There is a parliament in Jordan, which the King is free to dissolve or just ignore whenever he likes. It's a dictatorship with a crowned head.
As for Egypt's "election", I wonder if a voter would even have the option of voting
No on Mubarak. It could be arranged so that one either votes for Mubarak or one's vote is not counted. In that case, all Mubarak would need to win is one vote.
Democracy is a state where:
- Citizenship is universal. Each person born within the boundaries of the state is a citizen, as is one born abroad to at least one citizen parent or who swears allegiance to the state in a rite of naturalization.
- Citizenship is equal. Each citizen has an equal opportunity to participate in and influence public affairs. Every adult citizen shall be enfranchised with the right to vote. Decisions are made by a majority voted based on the principle of one man/one vote.
- Citizenship is inalienable. A guaranteed set of civil liberties is in place to assure full and open public discourse of civic affairs.
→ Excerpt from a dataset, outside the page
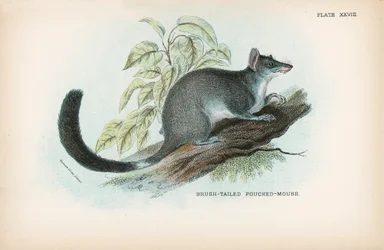 Brush-Tailed Pouched-Mouse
No citizen may be stripped of his citizenship or otherwise punished by the state for expressing any point of view, no matter how unpopular or even absurd.
As this relates to the discussion at hand, a system where only one candidate is allowed to run or a system where a group of elitists determine who is qualified to run using some sort of religious or ideological test is not a democracy.
Democracy is necessarily an open system.